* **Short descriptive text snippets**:
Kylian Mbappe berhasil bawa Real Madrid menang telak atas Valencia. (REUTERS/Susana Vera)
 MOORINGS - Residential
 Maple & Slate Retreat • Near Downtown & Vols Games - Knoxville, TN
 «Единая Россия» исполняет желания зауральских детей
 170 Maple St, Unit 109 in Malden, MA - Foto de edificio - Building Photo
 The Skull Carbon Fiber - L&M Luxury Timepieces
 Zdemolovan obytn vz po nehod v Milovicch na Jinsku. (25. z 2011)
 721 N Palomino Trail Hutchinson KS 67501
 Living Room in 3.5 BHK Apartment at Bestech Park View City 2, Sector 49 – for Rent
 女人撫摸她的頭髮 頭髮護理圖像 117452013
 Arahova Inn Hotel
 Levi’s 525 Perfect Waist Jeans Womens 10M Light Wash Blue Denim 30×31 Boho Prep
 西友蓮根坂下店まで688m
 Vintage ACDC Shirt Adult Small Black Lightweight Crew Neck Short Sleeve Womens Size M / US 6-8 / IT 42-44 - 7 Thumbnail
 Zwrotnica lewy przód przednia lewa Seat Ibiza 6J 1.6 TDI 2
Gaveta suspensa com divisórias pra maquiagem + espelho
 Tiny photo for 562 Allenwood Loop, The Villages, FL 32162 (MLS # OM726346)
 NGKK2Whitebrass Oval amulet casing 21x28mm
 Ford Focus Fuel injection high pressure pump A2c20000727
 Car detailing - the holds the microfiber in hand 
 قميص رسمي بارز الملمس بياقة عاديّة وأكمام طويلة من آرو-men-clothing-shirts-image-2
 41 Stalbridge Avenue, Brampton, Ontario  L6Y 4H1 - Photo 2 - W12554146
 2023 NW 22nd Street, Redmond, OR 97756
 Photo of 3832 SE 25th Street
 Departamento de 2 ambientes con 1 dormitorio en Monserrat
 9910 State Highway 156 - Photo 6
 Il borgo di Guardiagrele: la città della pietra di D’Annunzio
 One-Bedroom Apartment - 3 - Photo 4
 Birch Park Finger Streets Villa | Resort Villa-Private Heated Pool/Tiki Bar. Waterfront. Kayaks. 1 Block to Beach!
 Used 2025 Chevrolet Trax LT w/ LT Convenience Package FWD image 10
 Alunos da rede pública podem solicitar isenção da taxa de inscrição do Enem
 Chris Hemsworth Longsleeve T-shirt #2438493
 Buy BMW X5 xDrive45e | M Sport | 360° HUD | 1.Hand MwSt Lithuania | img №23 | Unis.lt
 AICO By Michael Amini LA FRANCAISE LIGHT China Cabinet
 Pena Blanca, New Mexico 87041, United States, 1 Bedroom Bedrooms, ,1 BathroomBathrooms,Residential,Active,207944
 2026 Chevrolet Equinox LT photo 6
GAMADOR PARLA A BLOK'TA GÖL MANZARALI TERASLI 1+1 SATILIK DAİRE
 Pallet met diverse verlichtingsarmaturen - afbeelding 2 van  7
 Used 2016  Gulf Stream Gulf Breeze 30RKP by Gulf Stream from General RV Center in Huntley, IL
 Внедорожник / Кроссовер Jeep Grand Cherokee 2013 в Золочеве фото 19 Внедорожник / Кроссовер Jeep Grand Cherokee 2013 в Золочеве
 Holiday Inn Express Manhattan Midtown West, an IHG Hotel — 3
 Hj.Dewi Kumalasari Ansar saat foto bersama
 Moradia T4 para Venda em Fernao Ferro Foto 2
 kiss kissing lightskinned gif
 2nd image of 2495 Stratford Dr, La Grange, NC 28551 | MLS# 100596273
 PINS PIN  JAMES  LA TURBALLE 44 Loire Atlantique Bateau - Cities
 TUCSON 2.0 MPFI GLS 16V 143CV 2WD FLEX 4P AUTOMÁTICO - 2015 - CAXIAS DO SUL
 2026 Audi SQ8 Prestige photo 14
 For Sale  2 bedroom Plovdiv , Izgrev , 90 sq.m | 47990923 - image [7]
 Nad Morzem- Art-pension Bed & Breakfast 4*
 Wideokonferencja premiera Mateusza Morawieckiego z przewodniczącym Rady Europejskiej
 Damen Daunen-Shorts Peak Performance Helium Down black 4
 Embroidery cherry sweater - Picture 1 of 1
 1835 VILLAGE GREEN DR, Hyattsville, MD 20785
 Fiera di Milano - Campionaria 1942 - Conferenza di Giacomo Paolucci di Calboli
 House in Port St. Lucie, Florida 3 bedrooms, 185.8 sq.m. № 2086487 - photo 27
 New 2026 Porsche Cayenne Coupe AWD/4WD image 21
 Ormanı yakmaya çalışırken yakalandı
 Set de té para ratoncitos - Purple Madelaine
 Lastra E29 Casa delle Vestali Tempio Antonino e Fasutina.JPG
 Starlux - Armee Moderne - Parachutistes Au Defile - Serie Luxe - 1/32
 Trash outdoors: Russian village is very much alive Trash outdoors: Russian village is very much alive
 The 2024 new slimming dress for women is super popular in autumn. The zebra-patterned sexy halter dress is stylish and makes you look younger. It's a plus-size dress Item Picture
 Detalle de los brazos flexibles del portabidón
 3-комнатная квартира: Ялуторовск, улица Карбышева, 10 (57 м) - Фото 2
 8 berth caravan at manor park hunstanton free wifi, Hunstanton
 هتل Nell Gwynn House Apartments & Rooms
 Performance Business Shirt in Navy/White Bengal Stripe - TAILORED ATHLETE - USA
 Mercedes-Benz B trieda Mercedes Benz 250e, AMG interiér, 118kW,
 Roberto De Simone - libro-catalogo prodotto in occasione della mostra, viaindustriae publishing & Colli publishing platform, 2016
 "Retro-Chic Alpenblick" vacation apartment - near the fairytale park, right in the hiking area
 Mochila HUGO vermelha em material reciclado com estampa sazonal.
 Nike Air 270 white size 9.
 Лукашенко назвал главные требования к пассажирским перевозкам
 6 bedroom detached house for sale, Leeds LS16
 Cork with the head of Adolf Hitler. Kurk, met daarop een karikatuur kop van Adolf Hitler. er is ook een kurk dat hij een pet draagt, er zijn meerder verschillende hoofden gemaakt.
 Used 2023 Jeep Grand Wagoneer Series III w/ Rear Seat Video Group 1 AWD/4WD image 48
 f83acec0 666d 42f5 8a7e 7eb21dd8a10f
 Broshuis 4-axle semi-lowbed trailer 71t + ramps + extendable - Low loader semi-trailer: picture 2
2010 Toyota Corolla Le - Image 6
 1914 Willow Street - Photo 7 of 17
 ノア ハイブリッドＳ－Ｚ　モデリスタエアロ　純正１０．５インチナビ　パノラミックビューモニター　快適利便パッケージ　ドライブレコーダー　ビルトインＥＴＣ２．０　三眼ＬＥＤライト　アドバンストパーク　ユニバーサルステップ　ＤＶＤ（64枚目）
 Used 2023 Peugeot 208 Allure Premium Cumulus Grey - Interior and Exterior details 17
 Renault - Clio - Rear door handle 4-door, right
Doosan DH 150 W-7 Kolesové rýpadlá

* **Exercise directions**: Go through the data above and return each line containing the string "right".

* **Answer**:
 "Retro-Chic Alpenblick" vacation apartment - near the fairytale park, right in the hiking area
 Renault - Clio - Rear door handle 4-door, right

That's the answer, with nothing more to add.